*** DATA SUPPLIED

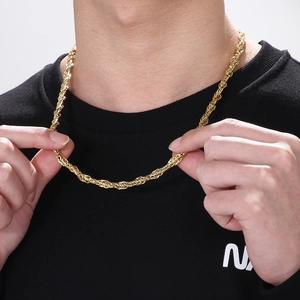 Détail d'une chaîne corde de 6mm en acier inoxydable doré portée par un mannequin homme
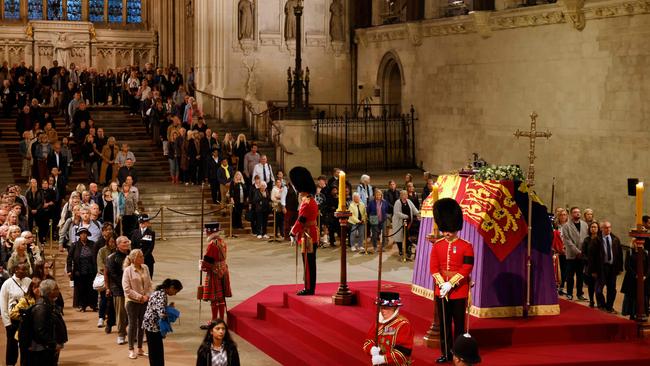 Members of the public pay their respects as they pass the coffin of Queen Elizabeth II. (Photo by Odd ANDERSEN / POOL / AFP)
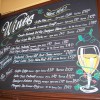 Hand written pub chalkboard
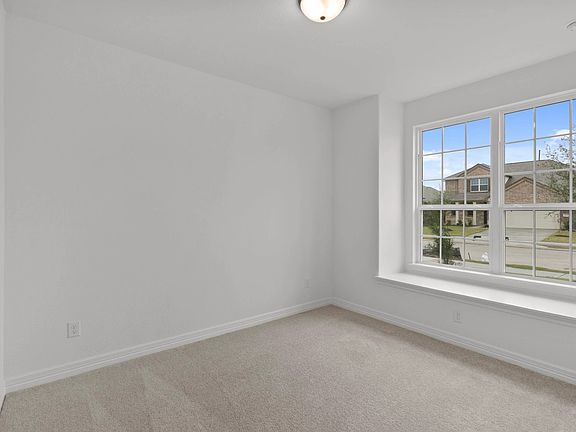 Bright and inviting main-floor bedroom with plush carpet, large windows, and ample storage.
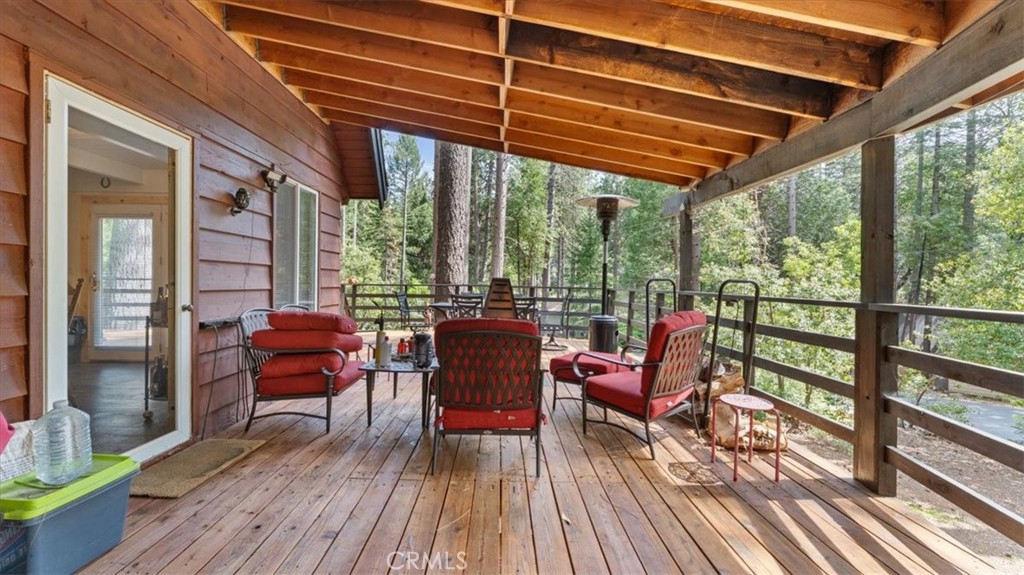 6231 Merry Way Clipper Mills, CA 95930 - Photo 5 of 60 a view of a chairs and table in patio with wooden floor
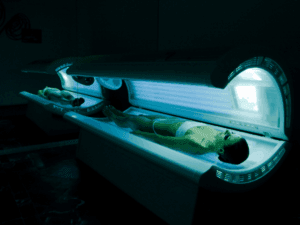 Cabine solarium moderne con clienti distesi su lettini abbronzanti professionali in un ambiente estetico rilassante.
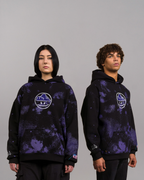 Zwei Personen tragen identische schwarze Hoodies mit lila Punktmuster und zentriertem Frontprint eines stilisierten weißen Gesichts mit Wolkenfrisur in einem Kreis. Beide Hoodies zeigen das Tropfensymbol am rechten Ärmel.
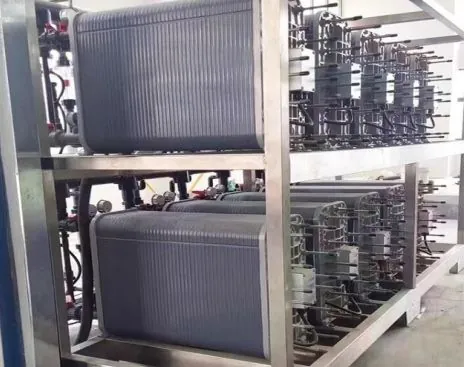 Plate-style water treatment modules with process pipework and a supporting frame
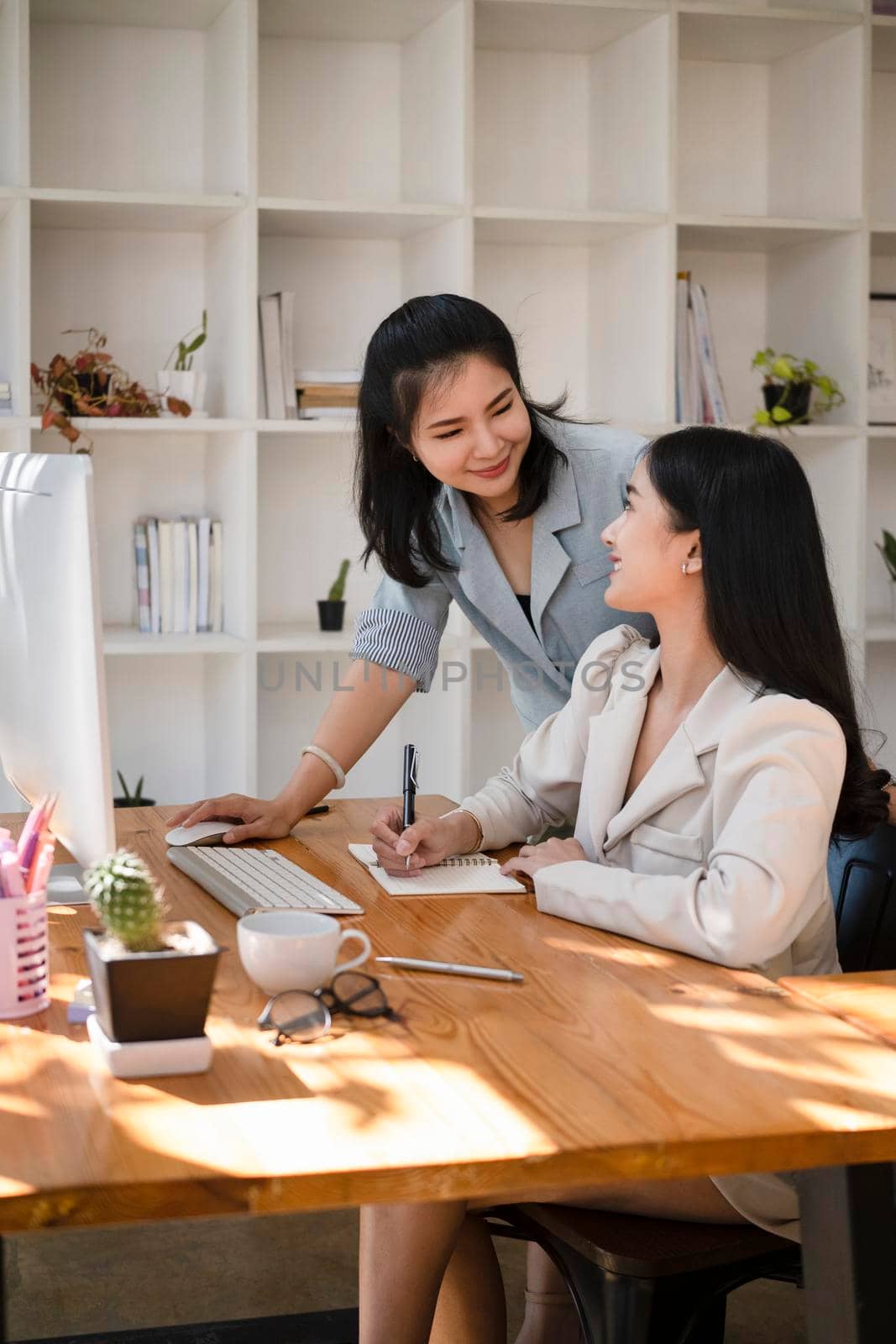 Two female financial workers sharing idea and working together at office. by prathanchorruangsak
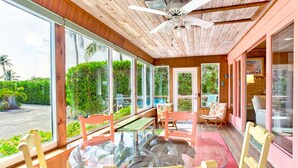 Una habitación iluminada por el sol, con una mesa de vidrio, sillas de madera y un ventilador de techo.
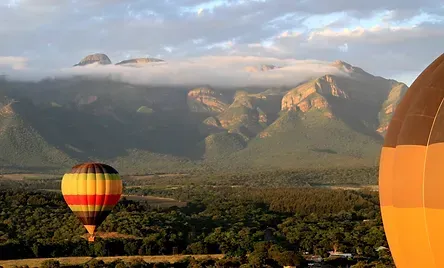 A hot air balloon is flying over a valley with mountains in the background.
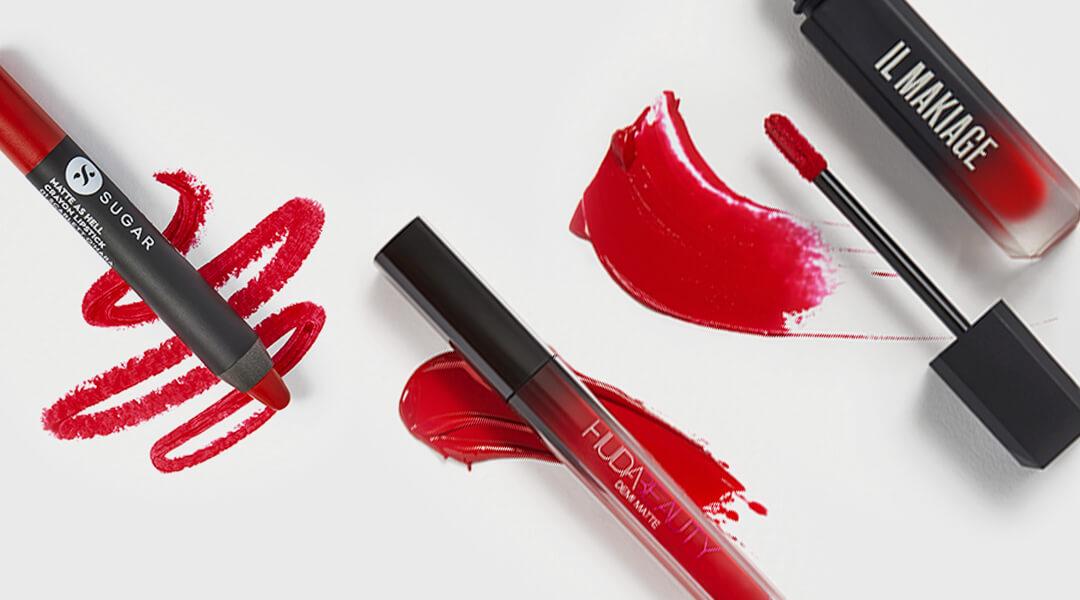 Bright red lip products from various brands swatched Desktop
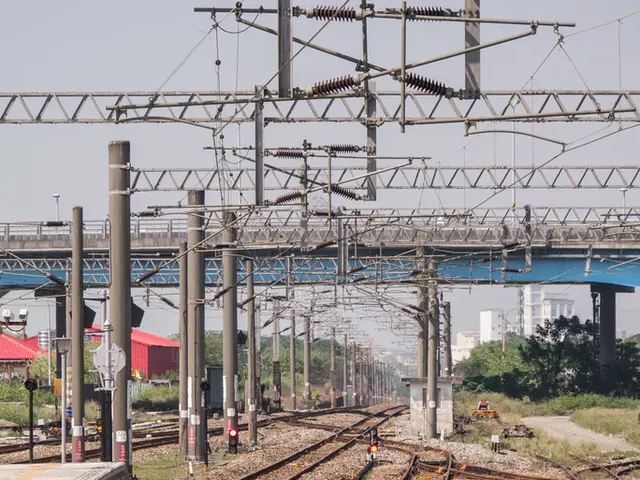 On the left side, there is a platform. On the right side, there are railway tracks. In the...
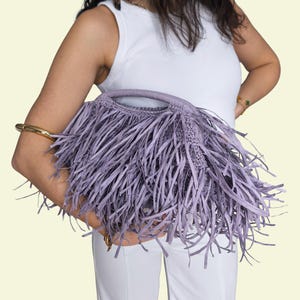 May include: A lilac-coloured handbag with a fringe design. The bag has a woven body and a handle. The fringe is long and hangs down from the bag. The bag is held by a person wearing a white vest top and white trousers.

******

| WHAT TO PRODUCE |
Write the listing above out again word for word, excluding all images.

| ANSWER BOX |
 Détail d'une chaîne corde de 6mm en acier inoxydable doré portée par un mannequin homme
 Members of the public pay their respects as they pass the coffin of Queen Elizabeth II. (Photo by Odd ANDERSEN / POOL / AFP)
 Hand written pub chalkboard
 Bright and inviting main-floor bedroom with plush carpet, large windows, and ample storage.
 6231 Merry Way Clipper Mills, CA 95930 - Photo 5 of 60 a view of a chairs and table in patio with wooden floor
 Cabine solarium moderne con clienti distesi su lettini abbronzanti professionali in un ambiente estetico rilassante.
 Zwei Personen tragen identische schwarze Hoodies mit lila Punktmuster und zentriertem Frontprint eines stilisierten weißen Gesichts mit Wolkenfrisur in einem Kreis. Beide Hoodies zeigen das Tropfensymbol am rechten Ärmel.
 Plate-style water treatment modules with process pipework and a supporting frame
 Two female financial workers sharing idea and working together at office. by prathanchorruangsak
 Una habitación iluminada por el sol, con una mesa de vidrio, sillas de madera y un ventilador de techo.
 A hot air balloon is flying over a valley with mountains in the background.
 Bright red lip products from various brands swatched Desktop
 On the left side, there is a platform. On the right side, there are railway tracks. In the...
 May include: A lilac-coloured handbag with a fringe design. The bag has a woven body and a handle. The fringe is long and hangs down from the bag. The bag is held by a person wearing a white vest top and white trousers.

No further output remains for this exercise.